The central Piceance basin produces gas from multiple horizons in Cretaceous and younger sediments. The gas-centered basin geometry possesses a thick, gas-saturated section that significantly reduces exploration risk and leaves only reservoir thickness (a function of depositional systems) and reservoir quality or permeability (a function of natural fracturing) as unknown exploration variables.

As a result, exploration and drilling risk is extremely low. Because of low reservoir matrix permeability, natural fracturing is critical because it controls wellbore deliverability and the ultimate profitability of a well. Unfortunately, exploration methodologies developed to date for this basin cannot fully predict reservoir thickness from a depositional systems perspective. Significantly greater success has been achieved in our ability to predict the likelihood and location of tectonic fracturing. Deeper pay potential exists but at the present time is uneconomic.

Overview of the opportunity

A look at the properties shows existing producing wells on the properties and outlines the area's large infill and step-out potential (Fig. 1 [100,974 bytes]).

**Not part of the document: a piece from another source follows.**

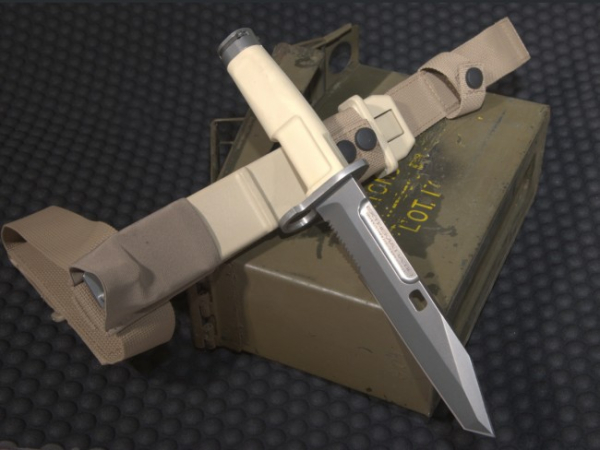 Extrema Ratio FULCRUM BAYONET / Bajonett Desert - M4/M16/ARX160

It is important to recognize that the northern half of the map area is bordered by the steep topography of the Roan Cliffs that effectively precludes drill pad development. It is possible, however, to exploit these areas by drilling directionally from the base of the cliff areas. It is currently uneconomic to do so, although future increases in gas prices may stimulate such activity.

Locally, Mesaverde wells intersecting natural fracture networks produce up to 2.5 bcf/well (TD range 7,850-9,500 ft).1-3 Shallower Wasatch wells drilled from the same well pad can produce an additional 1 bcf (TD range 2,750-3,200 ft).

The U.S. Department of Energy operates and has working interests in wells on the four parcels that have produced 21 bcf with 12 bcf proved remaining reserves. Four parcels totaling 8,448 acres are to be offered at the auction.

It can be seen from Table 1 [85,272 bytes] that these properties can potentially produce an additional 318.6 bcf from the Mesaverde Group and an additional 182.2 bcf from the shallower Wasatch sands. These figures conservatively assume that each Wasatch well will produce 0.9 bcf and each Mesaverde Group well will produce 1.8 bcf.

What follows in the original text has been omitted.